Stephanie Meadow in action during last week's LPGA Match-Play at Shadow Creek in Las Vegas. Photo by Sean M. Haffey/Getty Images

Stephanie Meadow in action during last week's LPGA Match-Play at Shadow Creek in Las Vegas. Photo by Sean M. Haffey/Getty Images

Stephanie Meadow is hoping to roll back the years in this week’s $10m US Women’s Open and show the putting form that helped her finish third on her debut in the biggest event in women’s golf.

The Jordanstown grinder took her professional bow in the 2014 US Women’s Open at Pinehurst No 2 and finished an incredible third behind Michelle Wie. Wie is stepping away from the LPGA, but Meadow is still chasing her dream, and she believes her grinding game and improved putting is a great fit at Pine Needles.

“I think it’s going to suit more of a steady player than somebody you kind of bombs it and makes lots of birdies,” said Meadow (30), who’s joined in North Carolina by Solheim Cup star Leona Maguire.

“I think it’s more about how many bogeys you don’t make as opposed to how many birdies you make, so that’s going to be key, and that fits right into my game. I know 18- or 20-under is not going to win in a Major, though you never know. I think it’s more about having a steady game, and that’s been my MO for quite a long time, so I’m excited.”

Meadow struggled to keep her card in 2019 and 2021, but she’s 62nd in the LPGA rankings this year.

“My putting’s the thing that’s made the difference so far this year,” she said.

“In the weeks that I’ve played well, I’ve gained something like 7 to 10 shots on the field, so that’s something I have to continue doing.”  

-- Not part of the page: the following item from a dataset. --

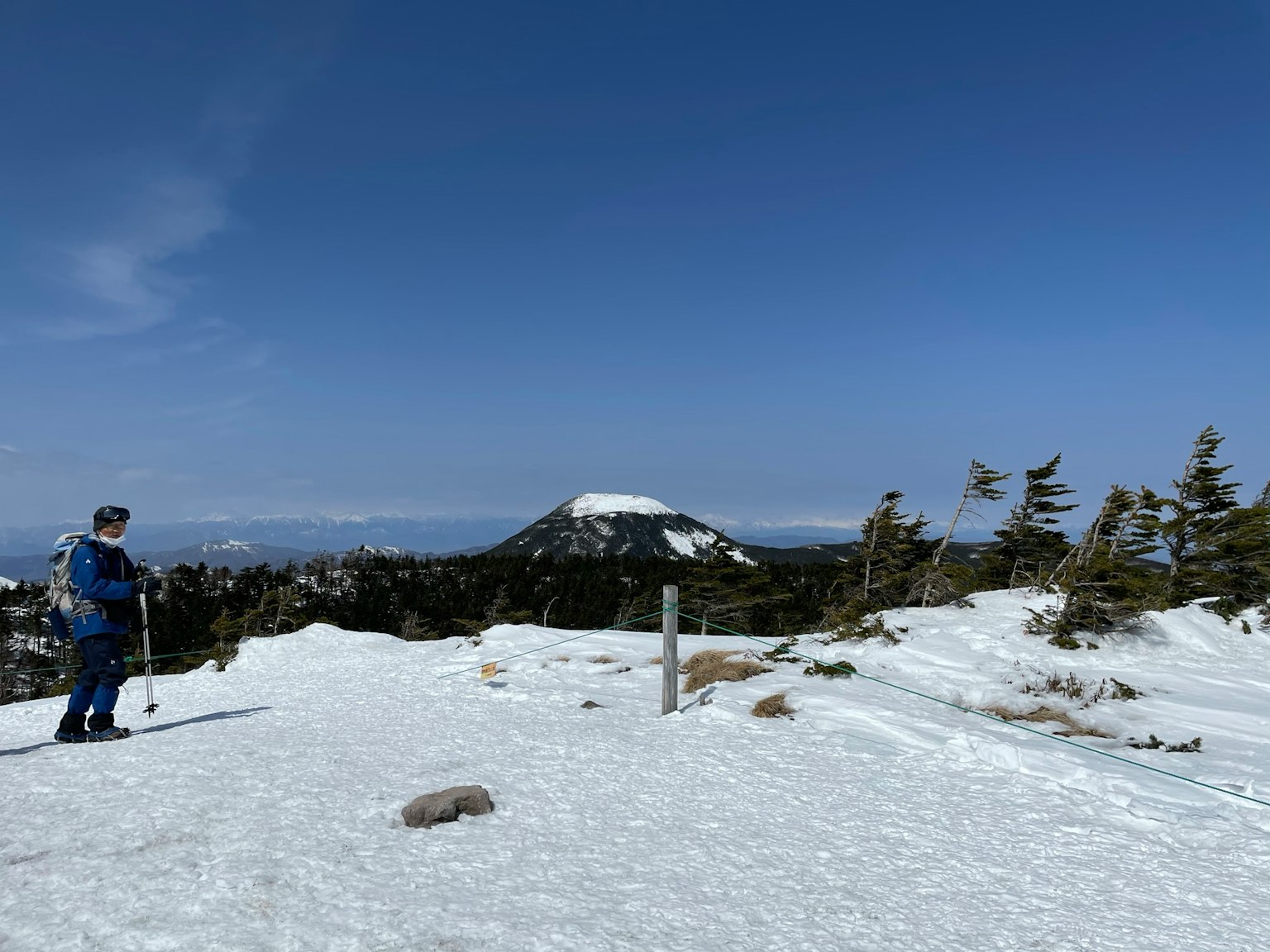 Una persona che scia su una montagna coperta di neve con un cielo blu chiaro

Meadow won her career biggest cheque, $271,373, in that $4m US Open at Pinehurst in 2014 but she’s a far better player now.

“Coming back to North Carolina definitely brought a lot of great memories back,” she said. “It’s crazy to think it’s been eight years.

“That’s kind of scary, but it’s a similar golf course. You just have to hit good shots and make some putts. One year doesn’t mean then the next year, but it’s still great memories of where my career started, and it’s nice to come back.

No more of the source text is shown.